Одним словом, в воздухе пахло сенсацией: может быть, рекорд, а может, и, мягко говоря, неприятность. А это тоже щекочет нервы. К слову сказать, «Сибирский Ихтиандр» (вот ведь неугомонный какой!) участвовал и в этом погружении (правда, самой глубокой точки Байкала – 1620 метров – аппаратам достичь так и не удалось. Это предстоит еще сделать). Их было трое счастливцев, сделавших риск составной частью своей профессии, причем очень большой частью – достигших глубины 1410 метров.
Вот что писали газеты об этом событии: «Максимальная глубина, покоренная гидронавтами, – 1410 м. Достигнув ее, А. Подражанский (он потом написал восторженную книгу “Вижу дно Байкала”), Н. Резинков, А. Сагалевич своеобразно отметили успех: выпили по мензурке ледяной влаги, зачерпнутой манипуляторами.

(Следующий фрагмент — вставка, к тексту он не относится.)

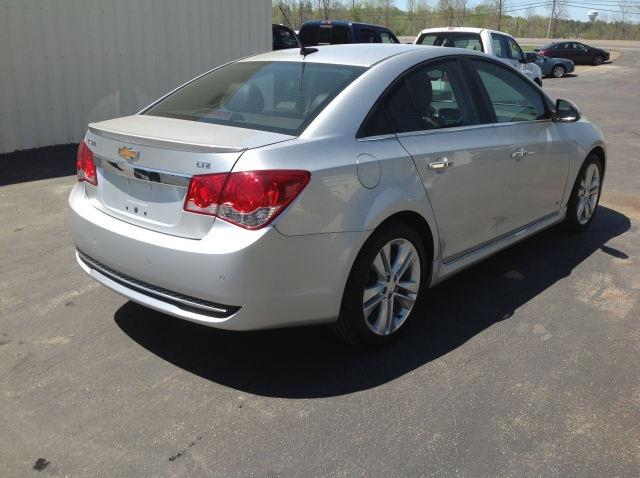 2012 Chevrolet Cruze SLE SLT WT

Оказавшись в субмарине, вода мгновенно вскипела – из нее выходил газ…» («Правда», 30 сентября, 1977 г.)
На дне Байкала естественная газированная вода. При высоком давлении в ней растворяется в сотни раз больше газов, чем обычно.

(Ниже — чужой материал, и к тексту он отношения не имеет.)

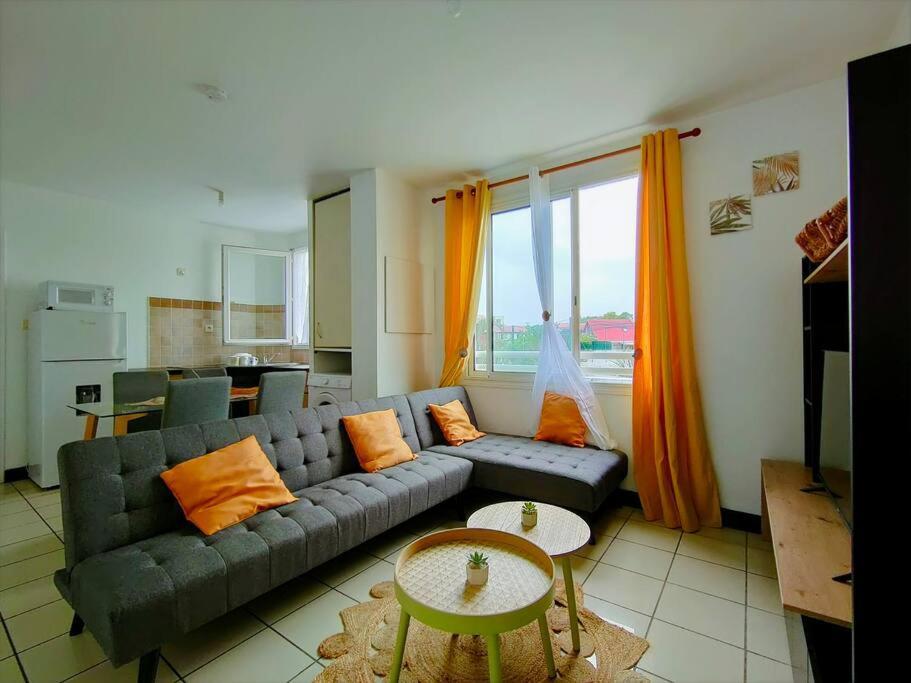 Appartement T2 - Sainte-Marie - 10 Min De L'Aeroport Bagian luar foto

«…Когда гидронавты с улыбкой на уставших, еще сохранивших следы напряжения лицах один за другим стали вылезать из субмарины, их встретили громкие хлопки открываемых бутылок шампанского. Есть рекорд: человек впервые побывал на дне Байкала на глубине 1410 м!» («Известия», 18 августа 1977 г.) Но ведь в 1974 году тоже был рекорд! Почему же его никто не заметил?..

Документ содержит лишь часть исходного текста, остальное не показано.